I am trying to understand isometries and how to work with tensors.

I know that in special relativity metric transforms as follows $$g_{\alpha^{\prime} \beta^{\prime}}=g_{\alpha \beta} \Lambda_{\bullet \alpha^{\prime}}^\alpha \Lambda_{\bullet \beta^{\prime}}^\beta$$ or in an analogous form $$g_{\mu \nu}=g_{\kappa \lambda} \frac{\partial x^\kappa}{\partial x^{\prime \mu}} \frac{\partial x^\lambda}{\partial x^{\prime \nu}}$$ And we define the matrix of Lorents transformations as $$\Lambda_{\bullet \nu}^\mu=\frac{\partial x^{\prime \mu}}{\partial x^\nu}$$ So it seems that we can get from the first equation $$\hat{g}=\hat{g} \Lambda^{-1} \Lambda^{-1},$$ and it is a wrong formula.
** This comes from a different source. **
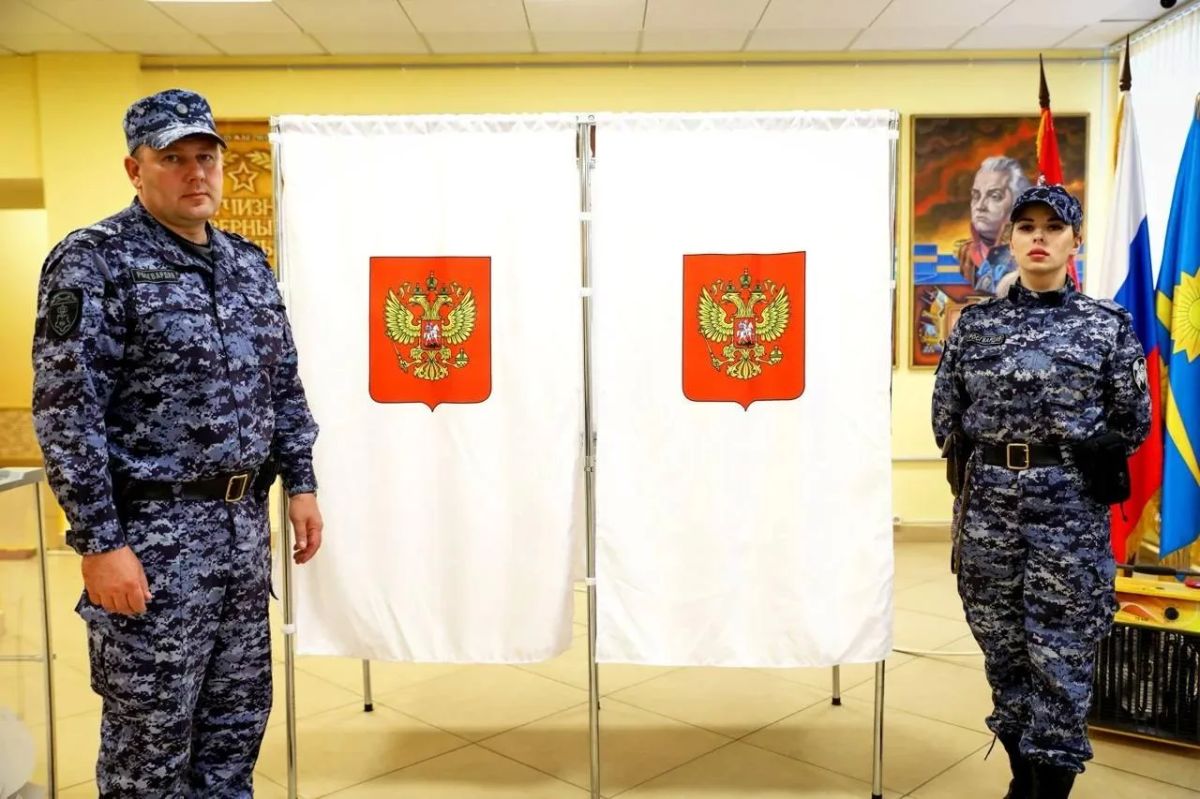 Росгвардейцы обеспечили правопорядок в период проведения Единого дня голосования в Подмосковье Росгвардейцы обеспечили правопорядок в период проведения Единого дня голосования в Подмосковье
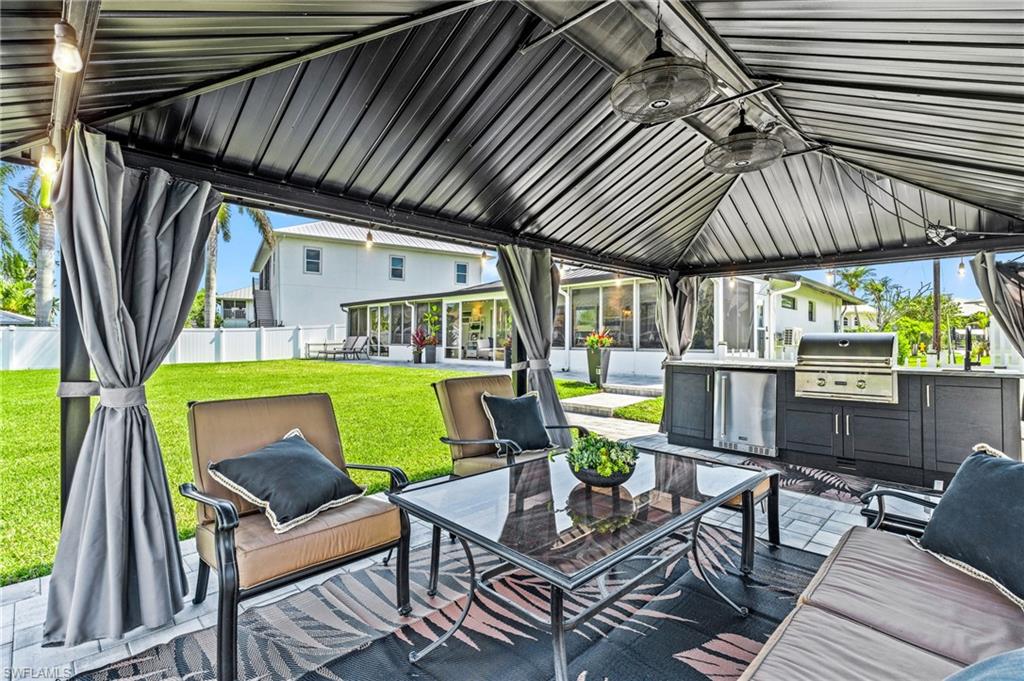 ISLAND PARK - Residential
Of course, we should get $$\hat{g}=\Lambda^{\mathrm{T}} \hat{g} \Lambda,$$ and I know how to do it, but what is wrong with my first attempt to get it?

• Hi Хранитель Рощи. Welcome to Phys.SE. You're almost there. Think about how to multiply matrices, and what a transposed matrix means. Jan 9, 2023 at 16:40
• @Qmechanic Dear Qmechanic, I understand that the proper transformations are $g_{\alpha^{\prime} \beta^{\prime}}=g_{\alpha \beta} \Lambda_{\bullet \alpha^{\prime}}^\alpha \Lambda_{\bullet \beta^{\prime}}^\beta=\left(\Lambda^{\mathrm{T}}\right)_{\alpha^{\prime}}^{\bullet\alpha } g_{\alpha \beta} \Lambda_{\bullet \beta^{\prime}}^\beta$, but I don't fully understand the mistake in the transformations in the question. Jan 9, 2023 at 17:33
• @Qmechanic hi, I got the answer, could you please check if I'm thinking correctly? Jan 9, 2023 at 19:00
• What the dot before the indices? Is this specific to the material or are you trying to write indices that are spaces out? If so you can just use a space like \; in the subscript to space things out as needed like \Lambda^{\mu}_{\;\nu} to get $\Lambda^{\mu}_{\;\nu}$ Jan 9, 2023 at 22:36
• That's why I mentioned using the more standard notation of using spacing instead, in my above comment $\nu$ comes after $\mu$ and they are not in line. The inverse would look like $\Lambda^{\; \nu}_{\mu}$ which displays the needed spacing also. Jan 9, 2023 at 23:06

I think I know the answer: we should better understand how we are writing multiplications of matrices. In indexes, the multiplication of matrices should contain both column and raw indexes. For example, here we don't need to change the position of $$\beta$$ index, because $$\beta$$ is in a column and in a raw position, but $$\alpha$$ is only in a column position, so we are changing it: $$g_{\alpha^{\prime} \beta^{\prime}}=g_{\alpha \beta} \Lambda_{\bullet \alpha^{\prime}}^\alpha \Lambda_{\bullet \beta^{\prime}}^\beta=\left(\Lambda^{\mathrm{T}}\right)_{\alpha^{\prime}}^{\bullet\alpha } g_{\alpha \beta} \Lambda_{\bullet \beta^{\prime}}^\beta$$ We can't multiply matrices if both indices are in a column position.
Also, it is important that we start from the row, that's why we put $$\Lambda^{\mathrm{T}}$$ in the beginning.